An analysis by recruitment specialist Poolia of year-on-year banking salaries over the past four years shows 2010 base salaries at a four year high, at the same time as the City is expecting a significant reduction in annual bonuses in 2011. During 2010, the average salary for a banking employee in the City was 17% higher than in 2009, 25% higher than in 2008, at the height of the credit crunch, and 17% higher than in 2007.

Poolia’s Andrew Bath, general manager of the company’s specialist banking team, explains that this is in part due to the fact that the market has picked up, with staffing levels growing again after the financial crisis levels, but there are other reasons.

Andrew explains, “Many banks are choosing to increase base salaries to compensate for the fact that they are reducing the bonus pool. This is especially true of middle and back office roles, where most employees can expect less generous bonuses in 2011. Partly this is due to public and political pressure, and some banks in the City have even looked to Westminster for guidance on what is an acceptable bonus level. Despite the recent flurry of media coverage, several banks have already announced that their 2011 bonus pools are likely to be down by at least 10% and possibly as much as 30%. We expect this to be the case in every City institution. But a continuing uncertain economy, with many banks profits suffering in the second half of the year, as well as economic factors such as the Sovereign Crisis, are leading banks to be cautious, and tighten the grip on costs.”
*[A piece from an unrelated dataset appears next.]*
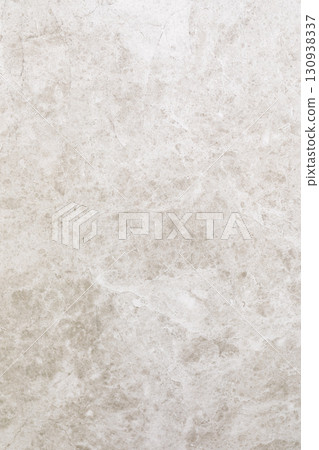 Light gray marble texture with subtle patterns and natural variation in color, suitable for interior 130938337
He concluded, “We think this could very possibly lead to greater movement across the City workforce, as strong candidates look to a new position to make up for the shortfall in their anticipated bonus. With continuing skills shortages in many specialist areas of banking, shortages that are likely to increase as the government moves to restrict the number of skilled migrants allowed to work in the UK, 2011 may see a heightening of the talent war. We have now moved back to a candidate-led market where employees will be strongly placed to dictate their terms. We predict that this is likely to encourage a further move to higher base salaries and smaller bonuses, as banks borrow from their bonus pool to hike up the starting package to lure the best talent, leaving the long-term future of the traditional big City bonus reduced at best, if not in the balance.”